Image-text web data:
......
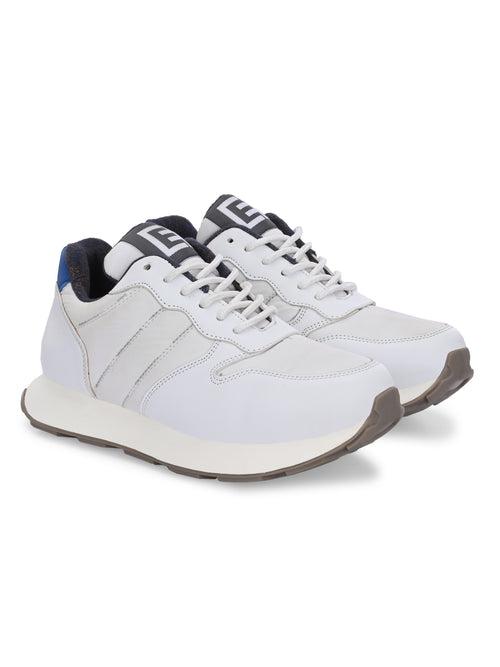 Eego Italy Jack Old School Sneaker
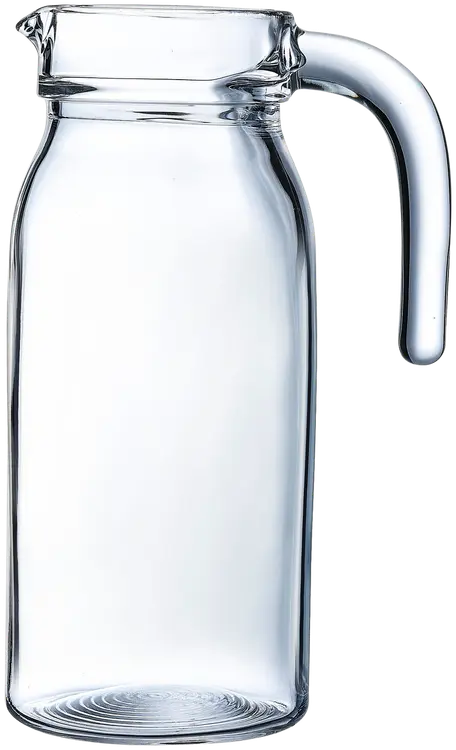 Luminarc Kaadin Pure Jug 1 l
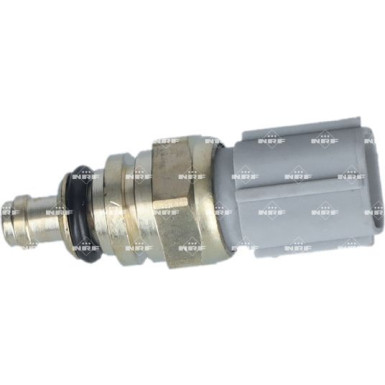 NRF Sensor, Kühlmitteltemperatur 727143 NRF Sensor, Kühlmitteltemperatur 727143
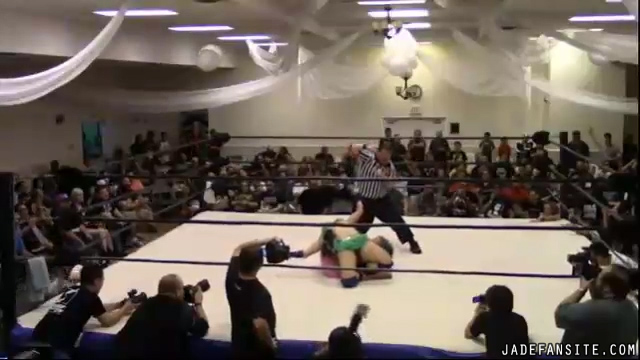 MiavsShirai_Still1597.jpg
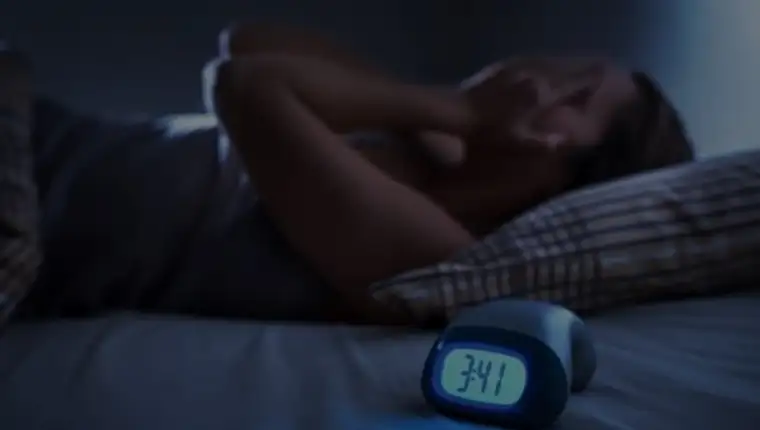 Screenshot_22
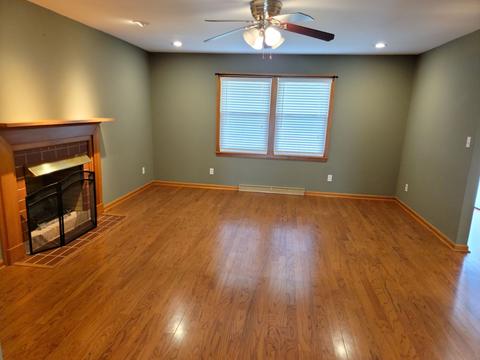 103 Blackpatch Dr, Springfield, TN 37172 photo 13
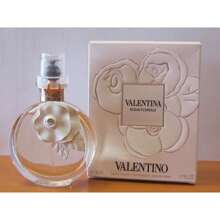 Valentina Acqua Floreale By Valentino Eau De Toilette Spray 1.7 Oz For Women - Trong sáng - Xem 4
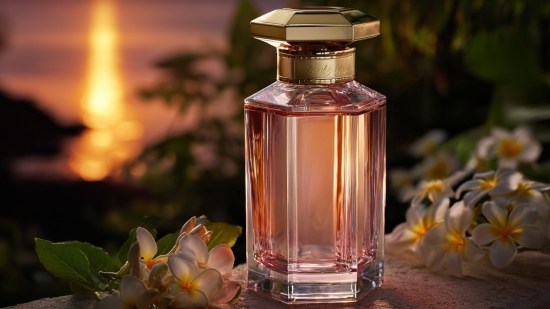 perfume-druni-arabe-fresco-ligero-duradero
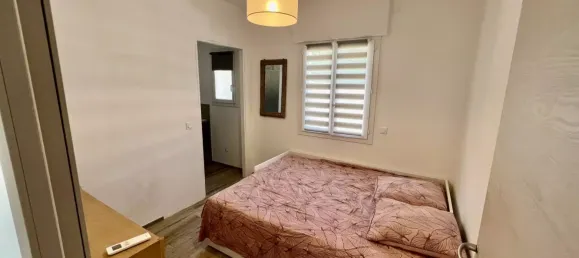 4 Schlafzimmer Villa in Roquefort-les-Pins, France, Nr. 344993 20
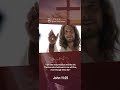 Easter WhatsApp Status Malayalam Easter Special Enikuvendi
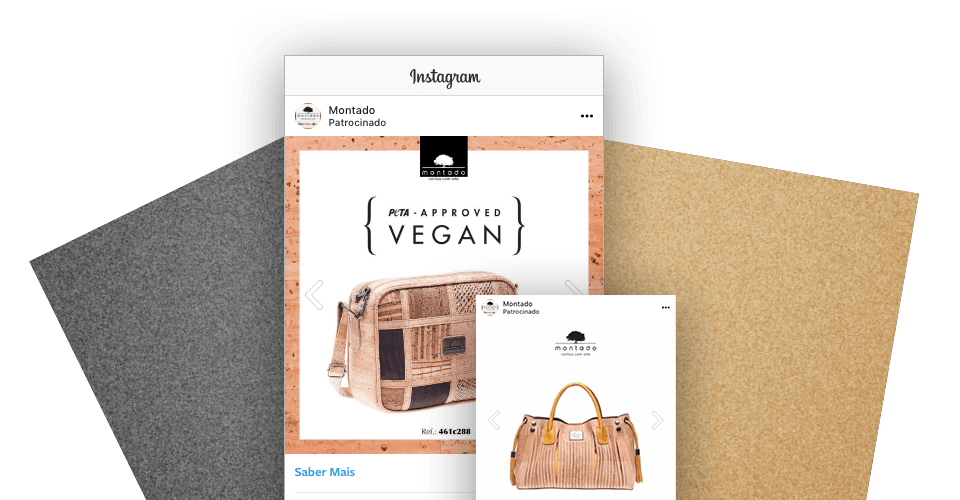 Instagram MNT Agencia Marketing Digital Trigger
......
### EXERCISE GOAL
From the line containing "Luminarc Kaadin Pure Jug 1 l" through the last line of the entries, copy each line exactly and only those, skipping all pictures.

### EXERCISE RESULT
 Luminarc Kaadin Pure Jug 1 l
 NRF Sensor, Kühlmitteltemperatur 727143 NRF Sensor, Kühlmitteltemperatur 727143
 MiavsShirai_Still1597.jpg
 Screenshot_22
 103 Blackpatch Dr, Springfield, TN 37172 photo 13
 Valentina Acqua Floreale By Valentino Eau De Toilette Spray 1.7 Oz For Women - Trong sáng - Xem 4
 perfume-druni-arabe-fresco-ligero-duradero
 4 Schlafzimmer Villa in Roquefort-les-Pins, France, Nr. 344993 20
 Easter WhatsApp Status Malayalam Easter Special Enikuvendi
 Instagram MNT Agencia Marketing Digital Trigger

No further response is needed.